From: Junio C Hamano <junkio@cox.net>
To: git@vger.kernel.org
Cc: Kees-Jan Dijkzeul <k.j.dijkzeul@gmail.com>,
Linus Torvalds <torvalds@osdl.org>
Subject: Re: Cygwin can't handle huge packfiles?
Date: Fri, 07 Apr 2006 01:15:47 -0700 [thread overview]
Message-ID: <7vhd55ls24.fsf@assigned-by-dhcp.cox.net> (raw)
In-Reply-To: Pine.LNX.4.64.0604030734440.3781@g5.osdl.org
Linus Torvalds <torvalds@osdl.org> writes:
> On Mon, 3 Apr 2006, Linus Torvalds wrote:
>>
>> That said, I think git _does_ have problems with large pack-files. We have
>> some 32-bit issues etc
>
> I should clarify that. git _itself_ shouldn't have any 32-bit issues, but
> the packfile data structure does. The index has 32-bit offsets into
> individual pack-files.
>
> That's not hugely fundamental,...
Linus _does_ understand what he means, but let me clarify and
outline a possible future direction.
* pack-*.pack file has the following format:
- The header appears at the beginning and consists of the following:
4-byte signature
4-byte version number (network byte order)
4-byte number of objects contained in the pack (network byte order)
Observation: we cannot have more than 4G versions ;-) and
more than 4G objects in a pack.
- The header is followed by number of object entries, each of
which looks like this:
(undeltified representation)
n-byte type and length (4-bit type, (n-1)*7+4-bit length)
compressed data
(deltified representation)
n-byte type and length (4-bit type, (n-1)*7+4-bit length)
20-byte base object name
compressed delta data
Observation: length of each object is encoded in a variable
length format and is not constrained to 32-bit or anything.
- The trailer records 20-byte SHA1 checksum of all of the above.
* pack-*.idx file has the following format:
- The header consists of 256 4-byte network byte order
integers.

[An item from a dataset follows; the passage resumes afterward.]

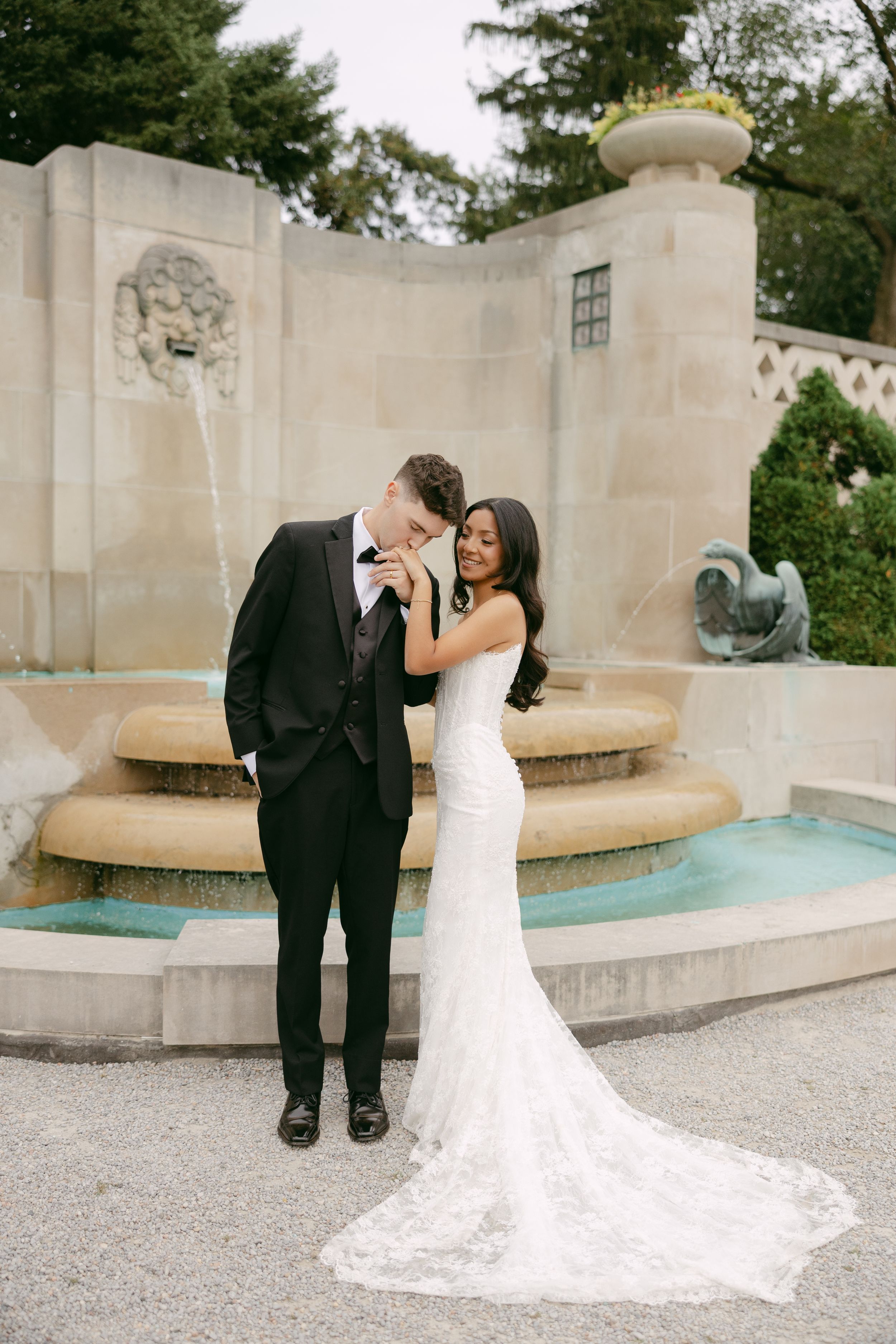 Bride in a lace mermaid wedding gown kisses the hand of her groom in a black tuxedo beside a tiered stone fountain.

N-th entry of this table records the number of
objects in the corresponding pack, the first byte of whose
object name are smaller than N.
Observation: we would need to extend this to an array of
8-byte integers to go beyond 4G objects per pack, but it is
not strictly necessary.
- The header is followed by sorted 28-byte entries, one entry
per object in the pack. Each entry is:
4-byte network byte order integer, recording where the
object is stored in the packfile as the offset from the
beginning.
20-byte object name.
Observation: we would definitely need to extend this to
8-byte integer plus 20-byte object name to handle a packfile
that is larger than 4GB.
- The file is concluded with a trailer:
A copy of the 20-byte SHA1 checksum at the end of
corresponding packfile.
20-byte SHA1-checksum of all of the above.
This is not fundamental, in that pack idx file is something we
can regenerate from a packfile. The push/fetch transfer over
git native protocols does not even transfer pack idx file;
instead, the recipient uses git-index-pack to generate pack idx.

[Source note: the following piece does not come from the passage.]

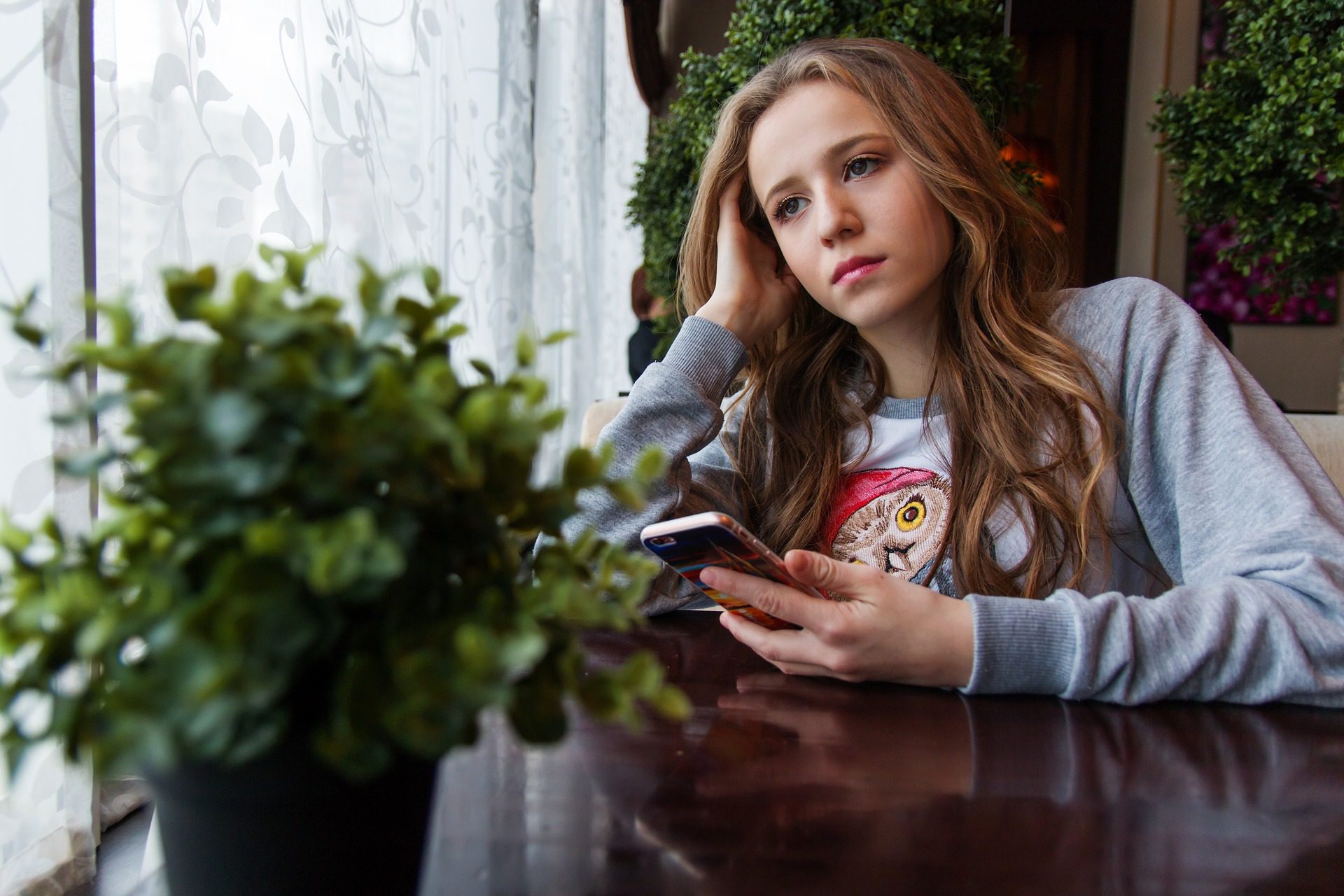 Sad girl sitting at a table holding her phone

git-index-pack would need to be updated to update the necessary
fields to 8-byte integers, without breaking existing packfiles.
The code to read idx file currently has a sanity check logic to
make sure that the size of the idx file is consistent with
24-byte entries (the last entry in the header matches the number
of objects recorded in the pack). So we could reliably tell
between the current 24-byte version and 28-byte "beyond 4GB"
version, and support both formats at the same time.
Even after we start supporting the 28-byte "beyond 4GB" format,
we can and we should continue writing the current 24-byte
version of pack idx file when the packfile offset can be
expressed with 32-bit.
Having said that, I have to warn that this is not for weak of
heart. The necessary changes would be somewhat involved.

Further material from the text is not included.